## What is expected
Since each line must match the original, copy out the records with no differences at all.

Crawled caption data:
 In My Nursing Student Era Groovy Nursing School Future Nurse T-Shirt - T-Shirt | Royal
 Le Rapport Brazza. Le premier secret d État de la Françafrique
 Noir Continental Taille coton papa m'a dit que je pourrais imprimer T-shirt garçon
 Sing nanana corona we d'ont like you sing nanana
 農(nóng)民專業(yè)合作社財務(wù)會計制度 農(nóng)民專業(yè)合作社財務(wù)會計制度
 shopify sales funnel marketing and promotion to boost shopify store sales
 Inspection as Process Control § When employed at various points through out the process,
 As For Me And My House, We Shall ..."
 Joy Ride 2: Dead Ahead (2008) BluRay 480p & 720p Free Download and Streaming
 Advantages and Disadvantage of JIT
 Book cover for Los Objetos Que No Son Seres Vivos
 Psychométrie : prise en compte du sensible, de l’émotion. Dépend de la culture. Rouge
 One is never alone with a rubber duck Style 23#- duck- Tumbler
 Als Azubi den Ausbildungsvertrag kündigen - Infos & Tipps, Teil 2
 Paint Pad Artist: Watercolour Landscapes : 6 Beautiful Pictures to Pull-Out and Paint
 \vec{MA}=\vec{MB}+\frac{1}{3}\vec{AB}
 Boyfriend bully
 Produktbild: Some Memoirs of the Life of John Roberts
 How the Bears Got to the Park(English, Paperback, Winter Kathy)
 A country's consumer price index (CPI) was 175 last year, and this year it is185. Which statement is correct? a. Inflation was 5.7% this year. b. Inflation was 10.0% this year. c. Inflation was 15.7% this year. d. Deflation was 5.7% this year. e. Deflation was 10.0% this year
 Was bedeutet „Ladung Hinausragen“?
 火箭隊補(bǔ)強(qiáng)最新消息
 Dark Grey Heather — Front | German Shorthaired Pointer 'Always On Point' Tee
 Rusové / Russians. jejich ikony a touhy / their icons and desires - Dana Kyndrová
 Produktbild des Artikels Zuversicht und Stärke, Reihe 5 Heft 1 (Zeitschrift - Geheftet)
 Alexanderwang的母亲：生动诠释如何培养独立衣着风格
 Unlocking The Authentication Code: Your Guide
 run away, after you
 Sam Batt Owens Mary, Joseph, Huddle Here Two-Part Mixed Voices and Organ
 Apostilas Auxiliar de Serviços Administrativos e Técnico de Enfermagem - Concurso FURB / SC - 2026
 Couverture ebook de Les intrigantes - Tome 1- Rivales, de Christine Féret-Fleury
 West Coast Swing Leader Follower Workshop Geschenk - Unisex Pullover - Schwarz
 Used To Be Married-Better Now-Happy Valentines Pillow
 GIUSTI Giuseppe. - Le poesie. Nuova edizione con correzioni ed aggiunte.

## Answer to this problem
 In My Nursing Student Era Groovy Nursing School Future Nurse T-Shirt - T-Shirt | Royal
 Le Rapport Brazza. Le premier secret d État de la Françafrique
 Noir Continental Taille coton papa m'a dit que je pourrais imprimer T-shirt garçon
 Sing nanana corona we d'ont like you sing nanana
 農(nóng)民專業(yè)合作社財務(wù)會計制度 農(nóng)民專業(yè)合作社財務(wù)會計制度
 shopify sales funnel marketing and promotion to boost shopify store sales
 Inspection as Process Control § When employed at various points through out the process,
 As For Me And My House, We Shall ..."
 Joy Ride 2: Dead Ahead (2008) BluRay 480p & 720p Free Download and Streaming
 Advantages and Disadvantage of JIT
 Book cover for Los Objetos Que No Son Seres Vivos
 Psychométrie : prise en compte du sensible, de l’émotion. Dépend de la culture. Rouge
 One is never alone with a rubber duck Style 23#- duck- Tumbler
 Als Azubi den Ausbildungsvertrag kündigen - Infos & Tipps, Teil 2
 Paint Pad Artist: Watercolour Landscapes : 6 Beautiful Pictures to Pull-Out and Paint
 \vec{MA}=\vec{MB}+\frac{1}{3}\vec{AB}
 Boyfriend bully
 Produktbild: Some Memoirs of the Life of John Roberts
 How the Bears Got to the Park(English, Paperback, Winter Kathy)
 A country's consumer price index (CPI) was 175 last year, and this year it is185. Which statement is correct? a. Inflation was 5.7% this year. b. Inflation was 10.0% this year. c. Inflation was 15.7% this year. d. Deflation was 5.7% this year. e. Deflation was 10.0% this year
 Was bedeutet „Ladung Hinausragen“?
 火箭隊補(bǔ)強(qiáng)最新消息
 Dark Grey Heather — Front | German Shorthaired Pointer 'Always On Point' Tee
 Rusové / Russians. jejich ikony a touhy / their icons and desires - Dana Kyndrová
 Produktbild des Artikels Zuversicht und Stärke, Reihe 5 Heft 1 (Zeitschrift - Geheftet)
 Alexanderwang的母亲：生动诠释如何培养独立衣着风格
 Unlocking The Authentication Code: Your Guide
 run away, after you
 Sam Batt Owens Mary, Joseph, Huddle Here Two-Part Mixed Voices and Organ
 Apostilas Auxiliar de Serviços Administrativos e Técnico de Enfermagem - Concurso FURB / SC - 2026
 Couverture ebook de Les intrigantes - Tome 1- Rivales, de Christine Féret-Fleury
 West Coast Swing Leader Follower Workshop Geschenk - Unisex Pullover - Schwarz
 Used To Be Married-Better Now-Happy Valentines Pillow
 GIUSTI Giuseppe. - Le poesie. Nuova edizione con correzioni ed aggiunte.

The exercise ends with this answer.